Inspired by the image of Rembrandt’s The Return of the Prodigal Son we will prayerfully reflect on the theme of desolation and consolation that cycle in the story. Although the parable is honest about the darkness of relationships, the warm and healing light of love which draws us upward illuminates our hearts with God’s gift of consolation based on the HOPE of unconditional acceptance.


However familiar the parable of the Prodigal Son may be, there are always new insights into the profound truth of God’s infinite, unconditional love and our potential to love as God loves with compassion. When love feels far from us, we experience the darkness of desolation but when we experience the love of God in prayer or through the love of another person, we cycle toward the light of HOPE and experience consolation beyond all imagining.
  • Read the parable of the Prodigal Son Luke 15:11 – 32.
  • Look closely and prayerfully at the play of darkness and light in the painting above. What is your first overall impression? What emotions come to mind? What surprises or inspires you?
  • The Prodigal Son
    Notice the son kneeling before his father. He is so desolate that he is even missing a shoe. When have you been like the prodigal, ungrateful to a parent or benefactor, squandering your time, talent or treasure as a non-faithful steward, falling into harmful patterns, habits or addictions, knowing remorse, regret?

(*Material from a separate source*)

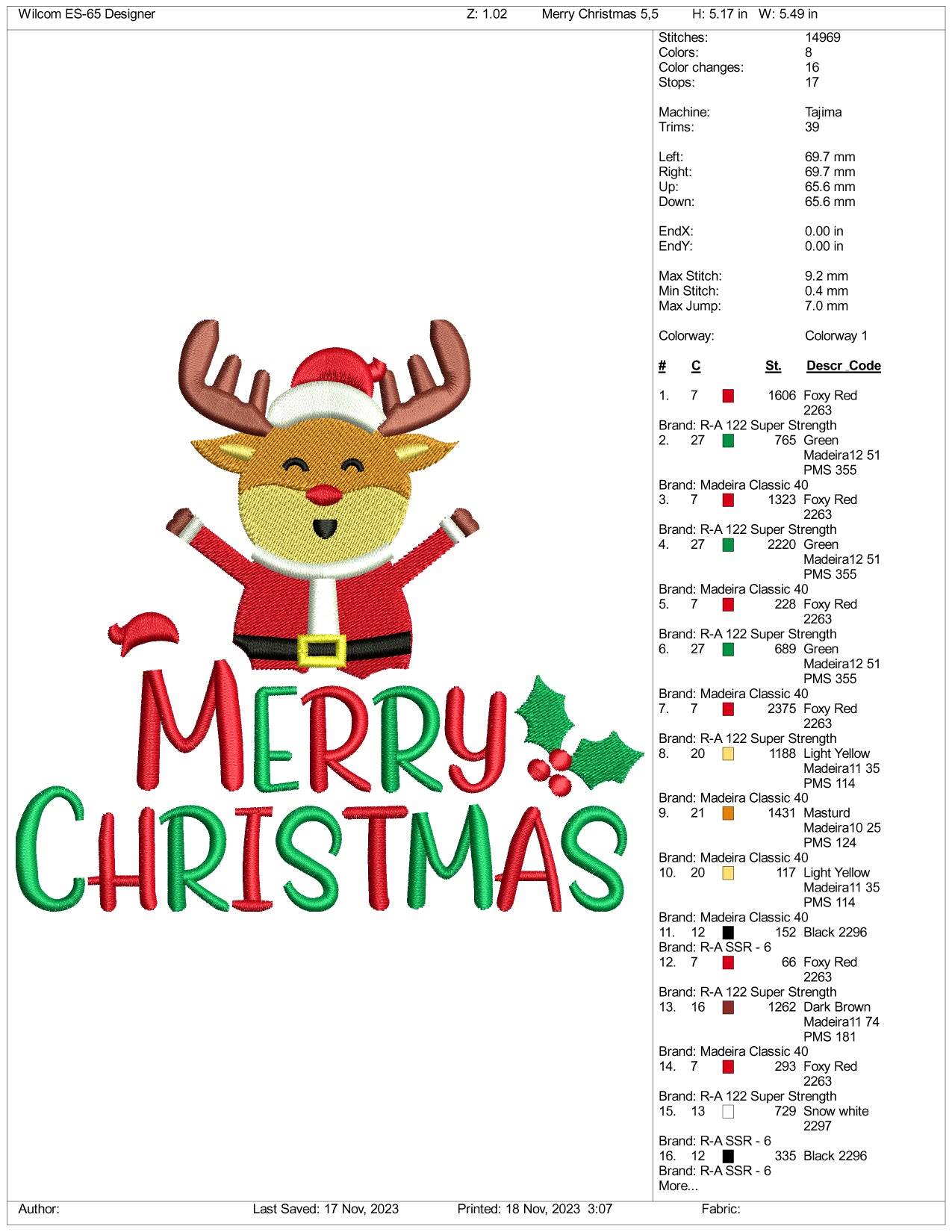 Merry Christmas v5 Embroidery Design Files - 3 Size's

Tell God about these times, ask for forgiveness, ask for the grace to forgive yourself.
  • The Elder Son
    Prayerfully reflect on your identification with the elder son. When have you experienced the desolation of openly or secretly resenting the love, success, admiration, power, acclaim, prestige, advantage of another person? When have you felt cheated, neglected, less than? Recall times of bitterness, abuse. When was your sacrifice, generosity, goodness, contribution or work underrated, underappreciated or dismissed? Be honest with God about these experiences.
    Moving toward consolation, hear God whisper to you in prayer as suggested by this Sunday’s Gospel, “All of your work, love and sacrifice I have seen and appreciated. I treasure your effort. I will forever hold your goodness in my heart. Whatever you have done for the least of my brothers or sisters you have done it for me. Know and feel my gratitude which you will experience fully when we embrace in thanksgiving in my kingdom.”
  • The Father
    When like the father have you experienced rejection by a child or another person? To be left alone, rejected or abandoned through broken relationships, circumstances or death is a deep grief of desolation. Whom do you miss? Share this experience with the Lord.

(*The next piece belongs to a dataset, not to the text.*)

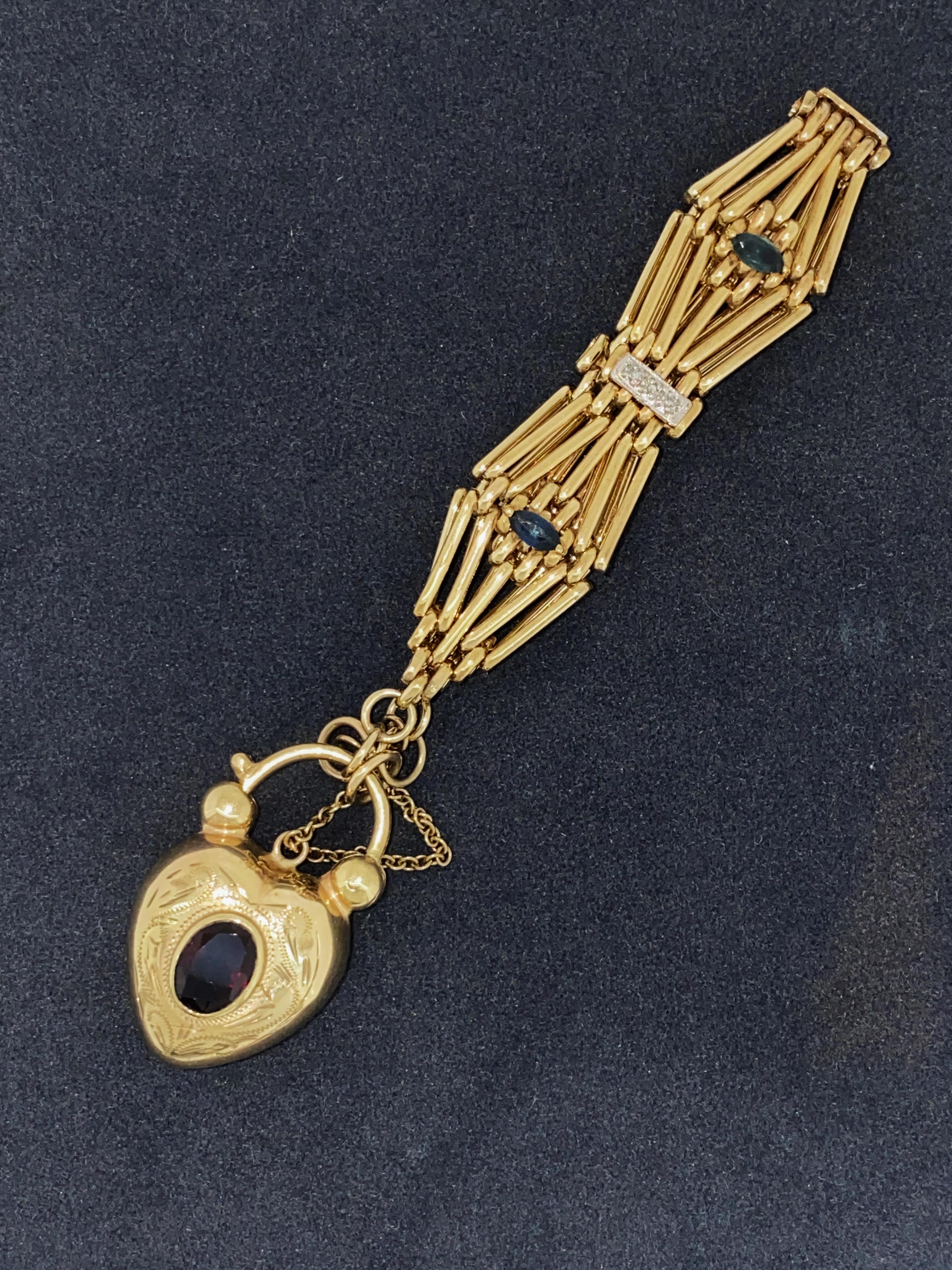 Pulsera pesada retro de los años 50 de oro amarillo de 9 quilates con candado ancho GateLink Multi-Gem en venta 2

    Moving toward consolation, affirm the truth that God desires to comfort, heal and embrace us in our grief. God not only weeps with us but empowers us with the grace of endurance.

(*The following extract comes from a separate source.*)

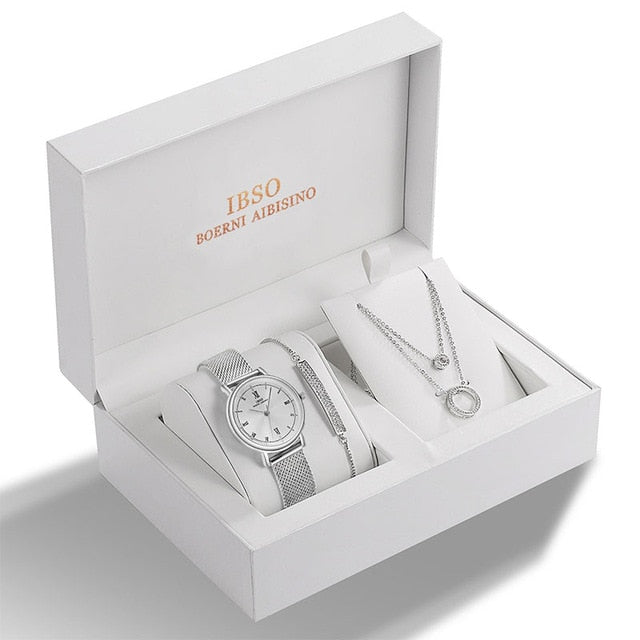 Women Bracelet Necklace Watch Sets Female Gift set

    The father offers his desolate younger son and his resentful older son acceptance. When have you forgiven, extended mercy, compassion, benevolence whether or not it was deserved? What have you sacrificed because you loved? Tell the Lord about these times and rejoice that you are blessed to be an instrument of consolation in someone’s desolation. Refer to Prayer Practice A above for a deeper reflection on your love.
    The father takes action. He runs to meet his lost son. He plans a feast and gives direction for the care of his sons. He makes the time to explain himself to the older son. What action are you being called to take as a person who will bring consolation to another? Asked the Lord for direction. Take action.